21世紀文学研究所

1サラリーマンの読書日記です。

今月読んだ捨ておけぬ三冊(6月編)

「墓は人ではないし、墓碑銘はその人の言葉ではない」飛浩隆「デュオ」)

 しばらくご無沙汰してしまいました。別に仕事が忙しかったわけではなく、どちらかというと丁度いいくらいだったのですが。更新を怠っていたのは、脳内が首位を独走する東京ヤクルトスワローズに占められていたからかも。スター選手がいるでもなく、ケガ人も多く、さらには地味な監督で、それでも粘り強く勝つ今年のヤクルトは、最高に私好みなんですよね。東京に住んでたら、神宮通いが忙しかったかも知れませんが、モスクワでもPCの前に座っていると、思わずニュースを読んでしまいます。今年のイチオシは岩手出身の畠山と、ルーキーの久古です。
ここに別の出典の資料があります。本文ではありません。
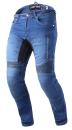 Street Racer Prodloužené jeansy Stretch II CE modré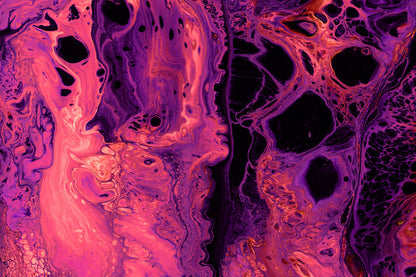 Coalesce: 12 Abstract Paint Textures
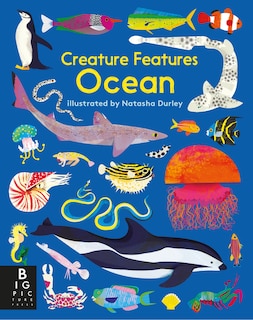 Front cover_Creature Features: Ocean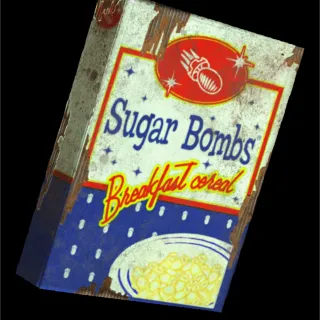1000 rad sugar bombs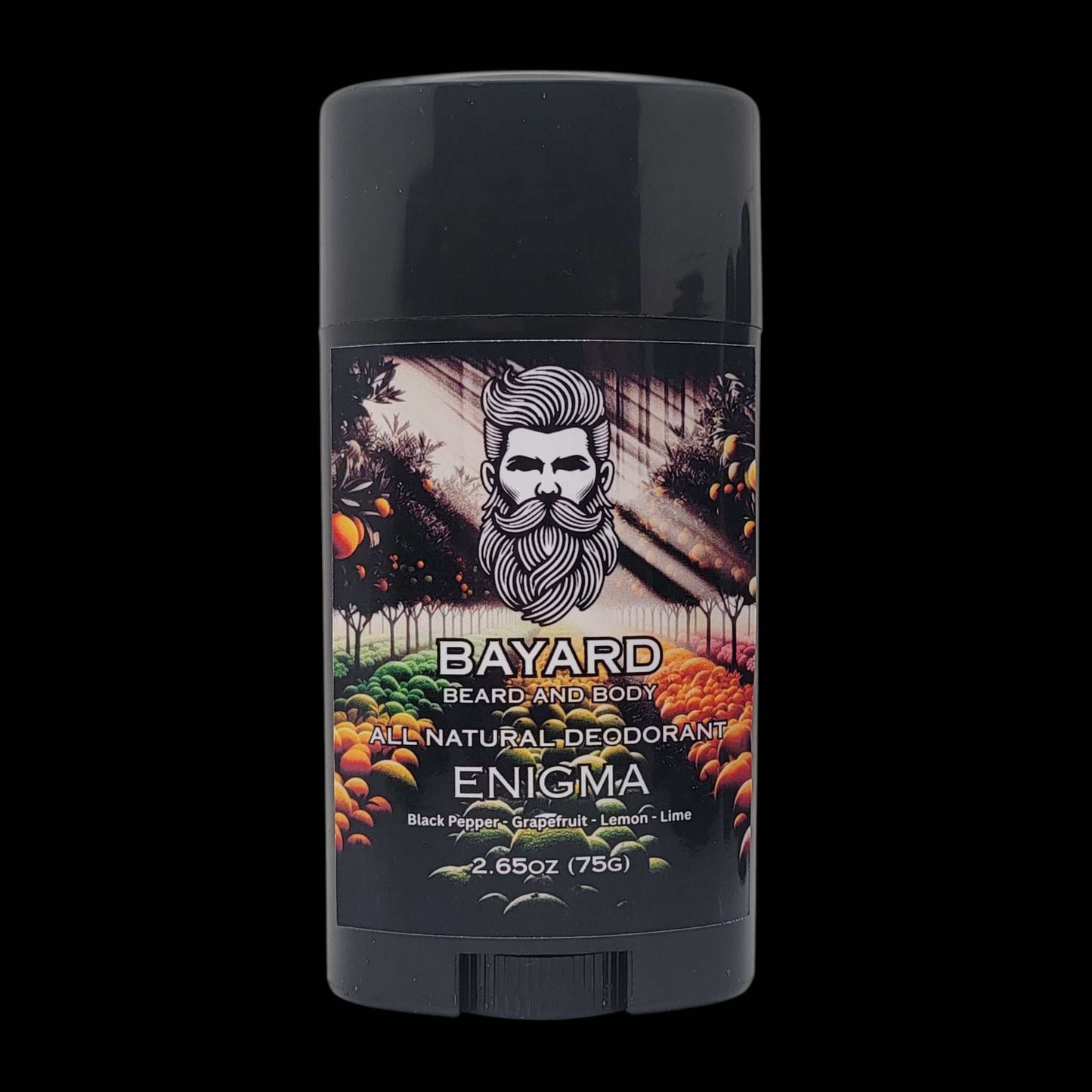 All Natural Deodorant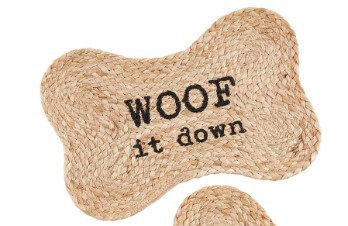 Dog Mat-Woof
久古なんかテキストでだけ読んでて、顔知らないけど……いい選手です!

ウィリアム・フォークナー響きと怒り平石貴樹・新納卓也訳)

 ある種いきすぎな読解かも知れないけれど、フォークナーがこの作品で描いているテーマのひとつは、人間は時間ではなく経験に支配されている、ということなのではないだろうか? この小説において、私をとらえて離さないのは、第二章冒頭のクエンティンと父親の対話(、というよりは父親の一方的なモノローグ)。

人間の経験というものが所詮、お祖父さんやひいお祖父さんそれぞれの渇望を満たしはしなかったのと同様、お前の渇望だって満たしはしない、したがって経験には意味などない、という帰謬法の論理ってやつを、おまえがこれ〔時計〕を使って身につけるのは、まさに痛々しいほどうってつけな話じゃないか。

語りの問題に話を移すなら、ベンジーが語り手になっている第一章は、まったく時間に支配されていないわけだし、第二章はクエンティンの時間からの逃走になっている。しかしながら、ベンジーがその非・原罪性のゆえに無垢である、と考えることはできないだろう。ベンジー自身は時間を知覚していないけれども、経験は積みかさなり少なからず彼の生に影響を与えているのである。

大庭みな子『むかし女がいた』

 この本を読んで、思わず25巻本の全集を買いはじめた。徐々に、書くことも増えていくだろうと思うので、今は、文庫本一冊読んで全集を買いはじめるくらいの本だったと思っていただければよい。

冲方丁 『マルドゥック・スクランブル

 少女娼婦ルーン・バロットは、じぶんを請け出した男、シェルに殺されそうになるところを、「事件屋」のウフコックとドクター・イースターに救われる。禁じられた科学技術の使用を例外的に許可する、「マルドゥック・スクランブル09」を発動されたバロットは、周囲の(おもに電気的な)環境に干渉できる人工皮膚を手に入れ、ウフコック、ドクターとともに、シェルとその裏にある組織と闘うことになる。しかし、シェルはウフコックの昔の相棒、ボイルドを雇い……
 というのが、だいたいのところのあらすじだが、やっぱりこの小説のヤマ場はカジノシーン。『麻雀放浪記』なみのギャンブル小説として抜群におもしろい。